Beyond revealing new details about what volunteering in Spain was like, what I think academic historians can offer to radical history is a widening of the story. Those who still remember the International Brigades in Scotland need no reminding that their involvement in the Spanish Civil War was part of a much larger clash of ideologies that defined the 1930s. Yet there are less obvious ways that these volunteers can help us learn about wider stories. To take just one example, understanding why Spain proved so especially attractive to foreign volunteers from Scotland and elsewhere can shed a great deal of light on the basis of transnational mobilisations in other contexts. What stars needed to align, in other words, to enable such a vast, diffuse movement of people across borders? While there is no equivalency, of course, between the motives of those who sought to fight fascism in Spain with those seeking to support the Islamic State in Syria, structural similarities across contexts hint at new ways to understand why individuals risk everything for people they’ve never met, in countries that they’ve never visited. As recent efforts from the likes of Nir Arielli to embrace a comparative approach to the history of foreign war volunteering seek to show, those from places like Scotland who fought in Spain form a vital chapter in a much longer, fascinating story.

8 Comments

  1. I have just been told my great grandfather went to the Spanish Civil War by an old lady who was 10 at the time. This is completely new information to me. This lady said they were all given sweets and little flags to fly as the men went off from Possilpark Glasgow. I would love if anyone had any further information. Can I access names of men who joined?

    1. Hi Isabel,

      If they left from Glasgow, it’s highly likely I have at least some information on your great-grandfather – there’s a lot of different source material available, from Spanish army records to MI5 surveillance reports! Feel free to get in touch with me directly, but you can at least get some preliminary information from this public database run by the International Brigade Memorial Trust: http://www.international-brigades.org.uk/the-volunteers

    2. Dear Isabel,
      I cannot remember where I read these words “We can grieve for those who gave their all, but we can take joy in knowing that men like those once lived”
      My father in the Cameron Highlanders and attached to the US Rangers at the battle of Anzio in Italy, where, out of 780 men, 761 were killed or captured and those who were captured, many were shot to death.
      Now, as Statues are defaced or even torn down and governments kneel in surrender to political surrender, they should look at the names of those brave men and women who gave their tomorrows so we could have our todays.

  2. My great uncle, my grandads brother.
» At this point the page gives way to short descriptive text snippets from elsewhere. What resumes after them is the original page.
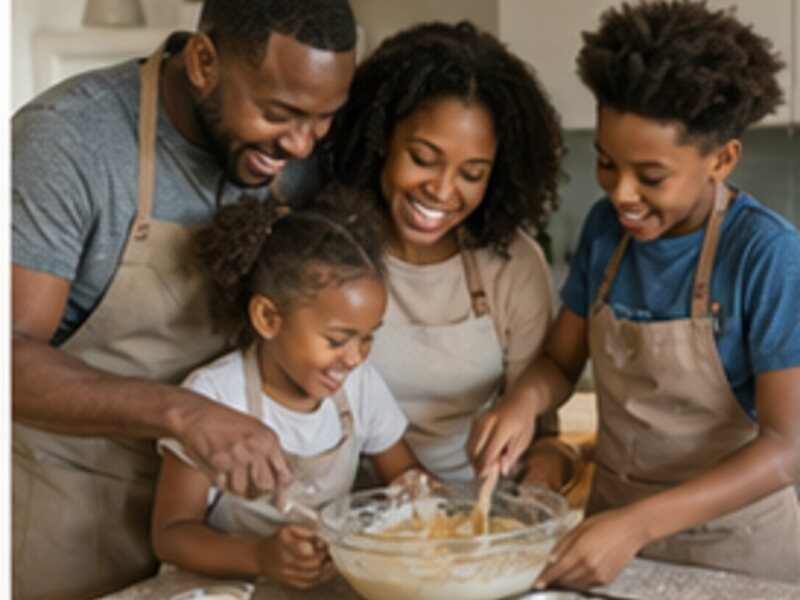 Family baking together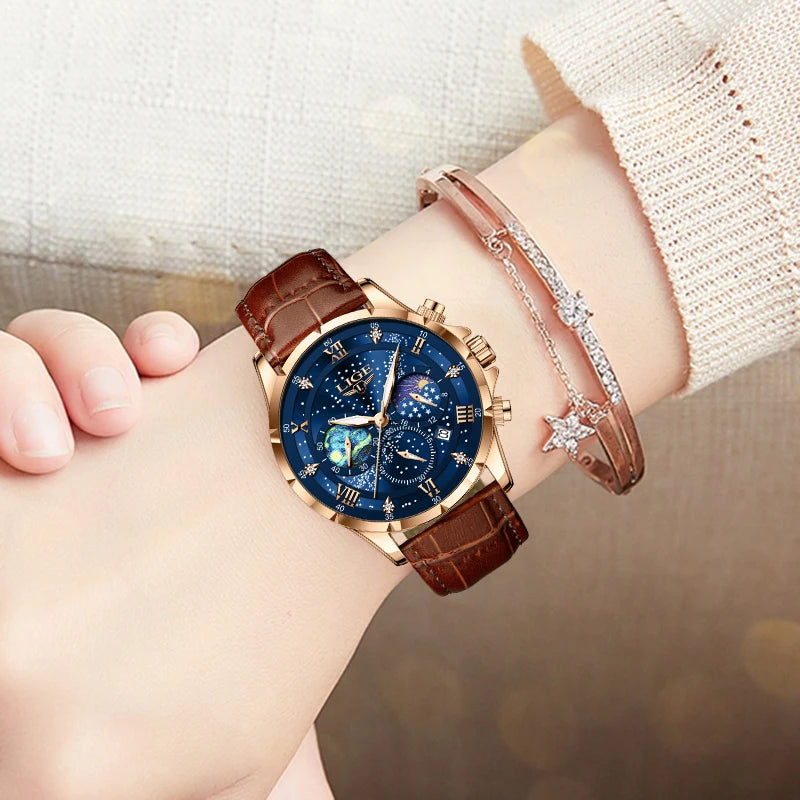 LIGE Celestial Chronograph Moonphase Watch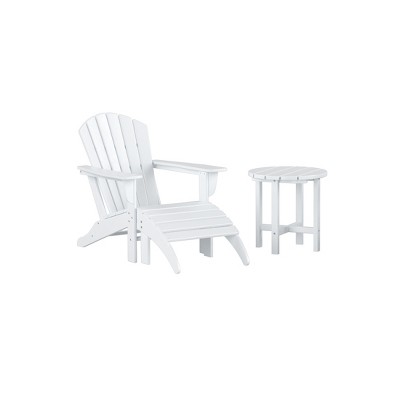 WestinTrends Dylan HDPE Outdoor Patio Adirondack Chair with Ottoman and Side Table (3-Piece)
I have seen his name on a flag of some sort as crd Dinnen. He was from Maryhill in Glasgow. I would love to know a wee bit more about him.
    I believe he died in action during the Spanish civil war

    1. Hi Jane!

      There was indeed a William Dinnen of Maryhill who went to Spain in August 1937 aged about 40. We know relatively little about him, but from the scattered references in various archives it seems that he was regarded as a bit of a gangster! He was listed as missing in March 1938, but it’s not clear that this meant he was killed – he appears later on a list of volunteers being repatriated back to Britain, and other records indicate that he never actually served at the front, and was instead handed over to civil authorities as punishment for an unspecified crime. It’s very difficult to pin anything down though.

  3. Fraser excellent piece on the Scottish International Brigaders, I am part of the No Pasaran Memorial Committee North Lanarkshire and we’ve had a memorial in The Duchy Park Motherwell since 2013

  4. I’ve only just learned about the Pasionaria through a reference to it in a book I am reading. There’s something niggling at the back of my brain that my great uncle may have gone to Spain. His name was Malcolm McCallum and he would have left from Glasgow. Would you have any reference to him?